When you serve a NA beer, you always do so in the bottle, so that the customer knows for sure they’re getting a non-alcoholic beverage. It has to be less than a half percent alcohol by volume. I know the basics of NA beer and how to serve it. It’s just that I’ve never drunk one.
She picks up the bottle and tries a sip.
“Well?”
“You want a taste?” she asks. Her smile is a challenge.
And then I remember what happened the last time she volunteered a taste of her drink. I’d taken my sample from her lips, and then we’d ended up having wild, clawing-at-each-other sex in my truck.
Gawd, that memory. I want it again. Right fucking now.
May offers me the bottle with a naughty gleam in her eye. I take it, remembering the taste of her kisses. I tip the bottle to my lips.
She smiles at me and…
“It’s terrible.” I say the second after swallowing. “Like beer-flavored…water. Jesus.”
May just laughs.
I take another sip, just to experience it again. It’s too effervescent for beer and so it has a soda-like mouthfeel. There’s a quick hit of beer-like flavor but it dies on the palate after a fractional moment. And then nothing. Just a flavor void.
“Pretty bad, right?” Griffin chuckles.
“Disappointing,” I say, handing the bottle back to May. “I’ll need to source a better product.”
“You can try,” Griff says. “This one has a lot of the market share.”

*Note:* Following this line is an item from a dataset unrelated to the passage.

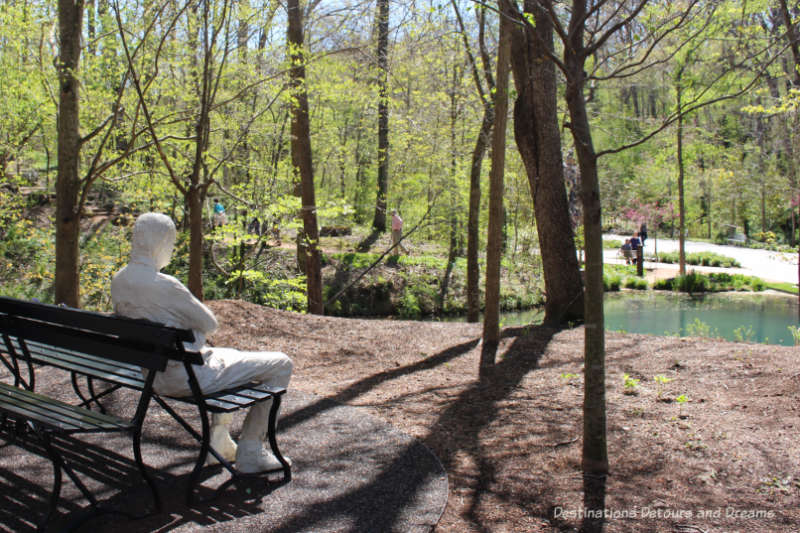 One "person" from the "Three People on Four Benches" sculpture by George Segal "watching people on the trail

“Why is that?” I think of all the wonderful beers in Vermont. “Nobody can scare up a good alcohol-free version?” With the soda gun, I pour myself a Coke just to get the awful taste out of my mouth.
Griff nods his big mountain-man head. “NA beer is kinda complicated.”
“Really?”
“Well, yeah,” Griff says, rubbing his beard. “First they brew a normal beer and ferment it. But then they extract the alcohol by boiling it off.”
“Oh.” That can’t be good for the taste.
“All those delicate organic flavors and compounds become unstable at the higher temperature. The odor gets cooked off and the flavor turns bitter.”
Ah. “Makes sense.”
Whereas I have a degree in partying, Griff has a degree in chemistry. I should have guessed he’d know every freaking thing about it. On the other hand, it’s interesting to me.